Brief descriptive captions:
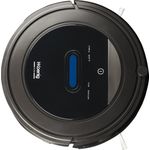 H.Koenig SWRC110 Staubsaugerroboter wifi+ - Roboterstaubsauger - Wischmobfunktion Watermob plus - steuerbar mit App - virtuelle Wand - Raumerkennung - 100 Minuten Akkulaufzeit - schwarz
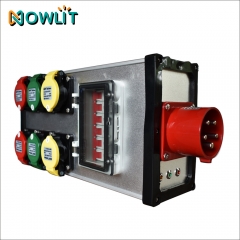 QR-H6B 6 Way 18KW Power Distributor Box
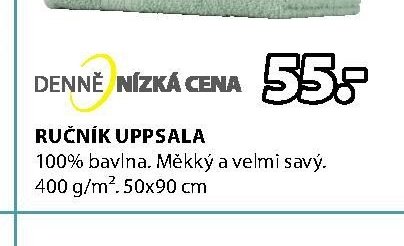 RUČNÍK UPPSALA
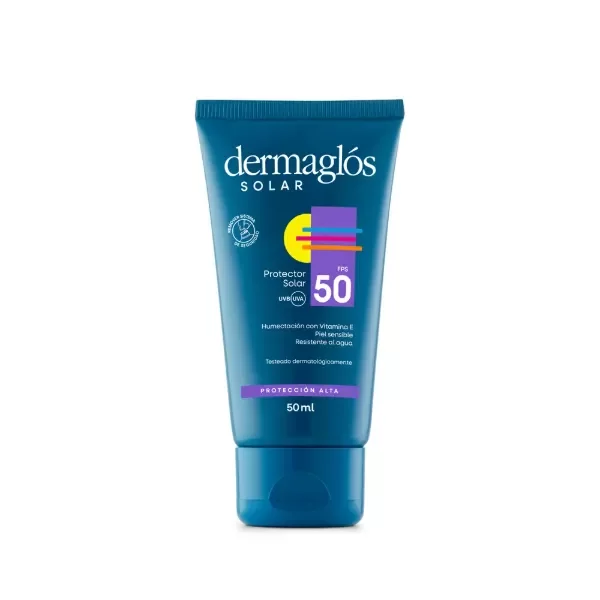 Producto - Protector solar dermaglos factor50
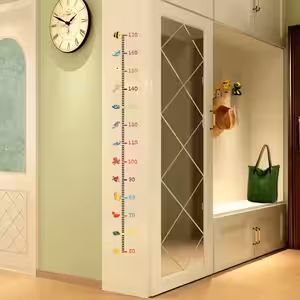 Autocolant decorativ cu metru pentru măsurarea înălțimii copiilor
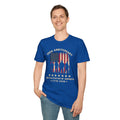 250th Anniversary Veterans Flag T-Shirt – United States of America Military Tribute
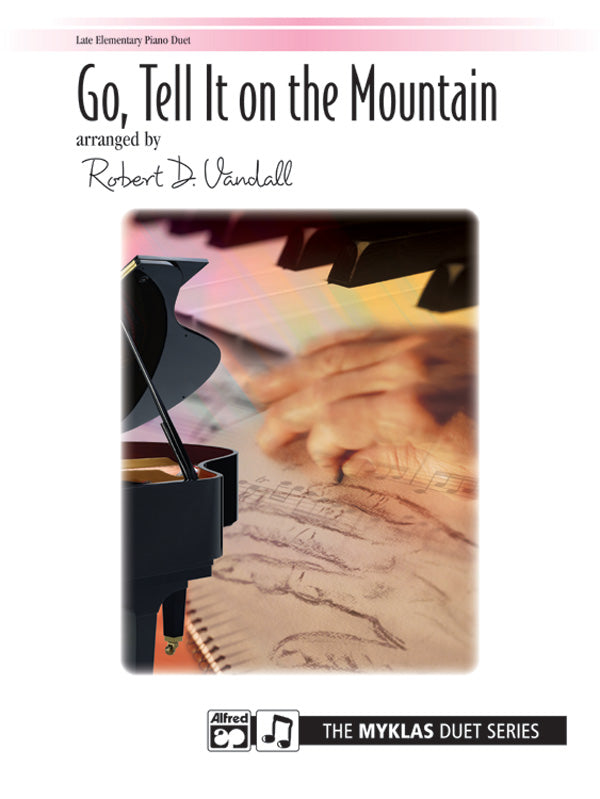 Go Tell It on the Mountain Cover Image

* [What you need to do]:
Every line of the data should be transcribed exactly. Omit the images.

* [Solution to this problem]:
 H.Koenig SWRC110 Staubsaugerroboter wifi+ - Roboterstaubsauger - Wischmobfunktion Watermob plus - steuerbar mit App - virtuelle Wand - Raumerkennung - 100 Minuten Akkulaufzeit - schwarz
 QR-H6B 6 Way 18KW Power Distributor Box
 RUČNÍK UPPSALA
 Producto - Protector solar dermaglos factor50
 Autocolant decorativ cu metru pentru măsurarea înălțimii copiilor
 250th Anniversary Veterans Flag T-Shirt – United States of America Military Tribute
 Go Tell It on the Mountain Cover Image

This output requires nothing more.